Mais il y a aussi un débat, et hier il opposait Joseph Macé-Scarron, de Marianne, et Rockhaya Diallo, porte-parole de diverses associations ou animations communautaristes ; il s'agissait d'évoquer l'esprit Charlie, cinq mois après, suite aux sorties récentes de Plenel ou Todd, assimilant les musulmans aux juifs des années 30 et la mobilisation à l'expression d'une "bonne conscience répressive"... Le bilan est atterrant.
Certes le 11 Janvier fut un chef d'oeuvre du marketing compassionnel, à la limite de l'évènementiel et forcément ambigu.

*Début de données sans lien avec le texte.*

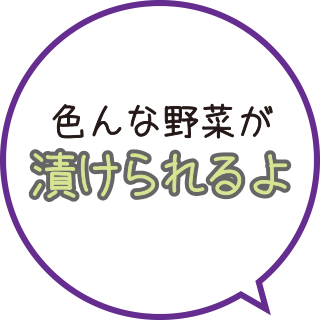 色んな野菜が漬けられるよ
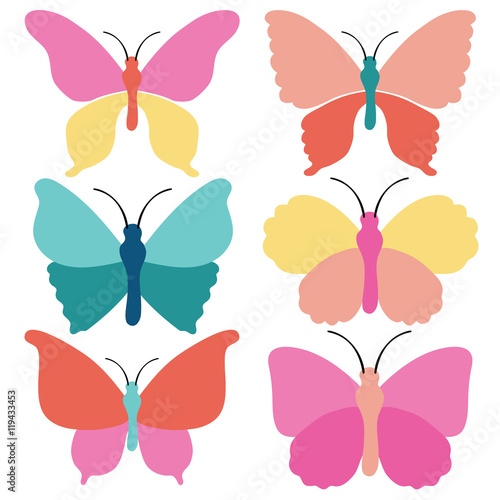 Cute butterfly collection in vector design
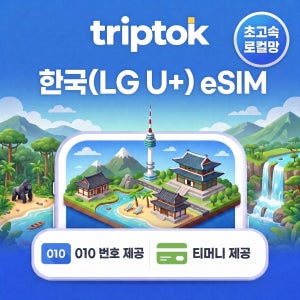 한국 초고속 로컬망 010 번호 티머니 제공 5G LG U+ eSIM 이심 무제한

Mais il s'était produit dans la gravité des jours précédents un sursaut de conscience, qui aurait pu être un bon terreau pour ce vivre ensemble dont on nous rabâche tant les oreilles, et propre à dépasser les habituelles crispations.
Au lieu de cela, la question fondamentale qui était en janvier "A t-on le droit de dire ce que l'on pense même si cela ne plait pas à tout le monde ?", semble devenue aujourd'hui "Peut-on condamner l'islamisme sans être raciste ?". Le glissement sémantique se passe de commentaire, et ne me parait annonciateur que de lendemains au ciel noir.